Increases in ocean temperature and acidity due to climate change have been linked to mass coral bleaching events and the decline of coral reef ecosystems.

Corals offer protection against flooding and storm surges and reef habitats host a diverse array of marine species that depend on corals for their survival. 

 As carbon emissions increase, more CO2 gets absorbed into the ocean which lowers the pH of seawater. Increased acidity is a key contributor to coral bleaching, and a United Nations report found that ocean acidity could double by 2100

Researchers from the Smithsonian Tropical Research Institute set out to investigate the effects of ocean acidification on coral reef health.  

However, while many studies on coral reefs have asked these same questions, for this project, the researchers took their experiments away from the aquarium and into the ocean.  

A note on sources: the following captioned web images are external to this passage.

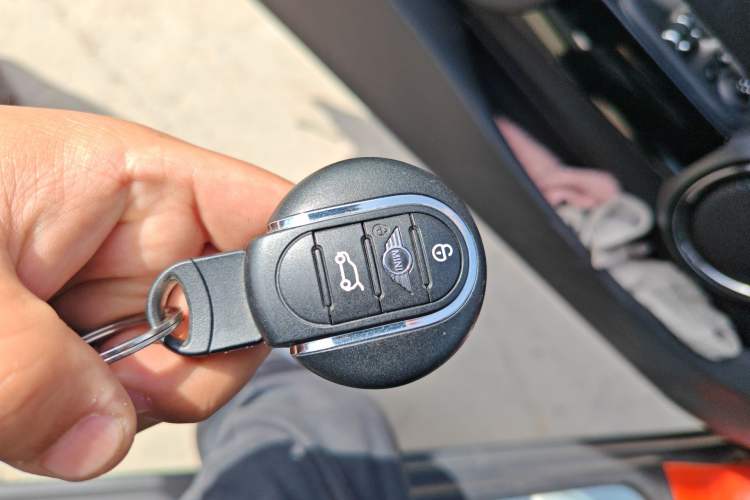 Used MINI 2019 1.5T ONE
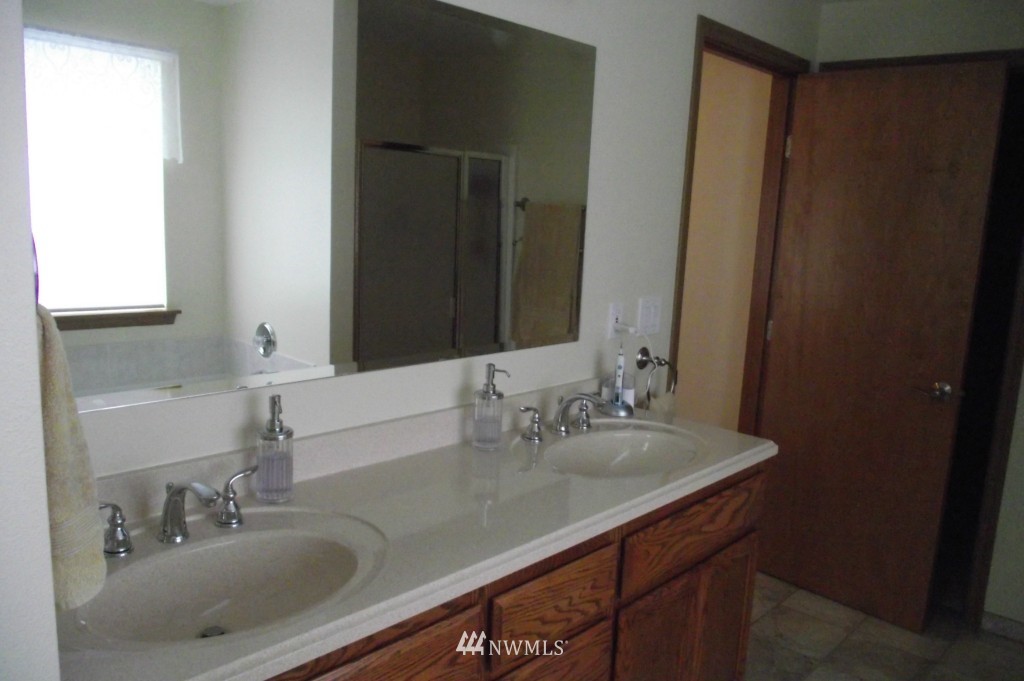 8841 181st Way Southwest Rochester, WA 98579 - Photo 13 of 19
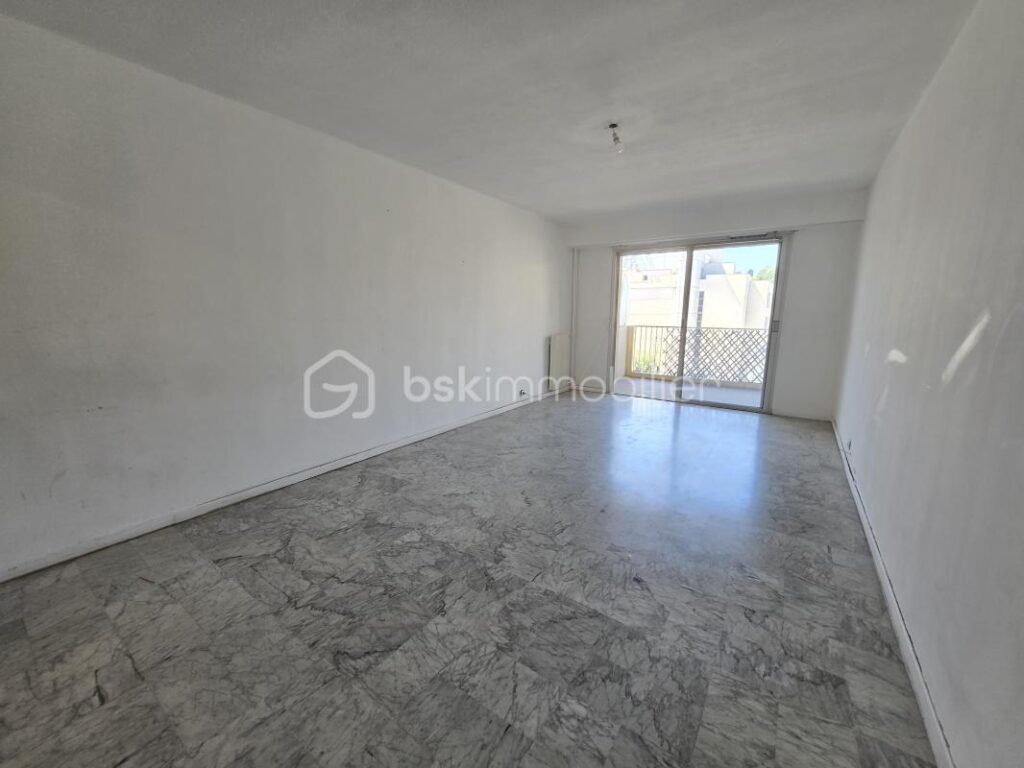 Baisse de prix 313950€ Appartement lumineux avec double balcon et vue mer en cœur urbain – 2 pièces – 1 chambre – 55 m²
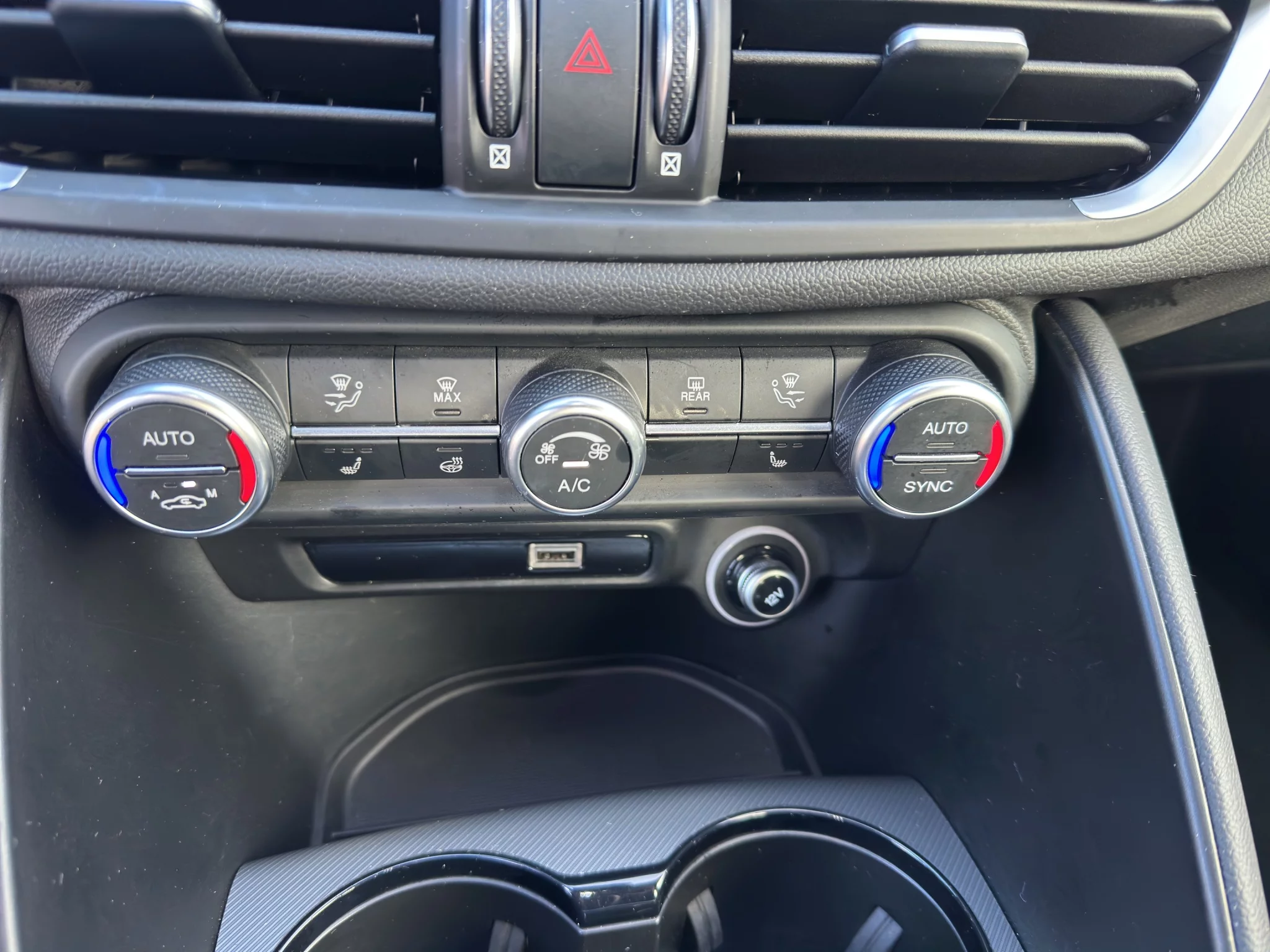 Alfa Romeo Giulia 2.0 TURBO VELOCE AT8 Q4 2023 — foto 16 di 22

“We wanted to get away from experiments in glass boxes and do them on the reef under natural conditions,” said David Kline, the leader of the study. “But we never imagined the differences would be so dramatic.”

Over a period of eight months, the researchers lowered the pH of seawater surrounding a living reef. 

A device called the Free Ocean Carbon Enrichment (FOCE) system was used to pump carbon into the water which would show first hand how reefs respond to ocean acidification and if they can adapt to a rapidly changing environment. The researchers went through around five tanks of CO2 gas.  

“Our underwater time machine (also called a Free Ocean Carbon Enrichment or FOCE system) used an array of sensors and dosing pumps to simulate future high CO2 conditions by controlled pumping of high CO2 seawater over both living and dead Porites cylindrica colonies in our open experimental flumes on the reef flat at the University of Queensland’s Heron Island field station on the Great Barrier Reef,” said Kline. 

The reef went through a drastic transformation, and both living and dead corals were negatively affected by the increased acidity. Coral growth rates dropped to almost zero, and dead corals started dissolving twice as fast. 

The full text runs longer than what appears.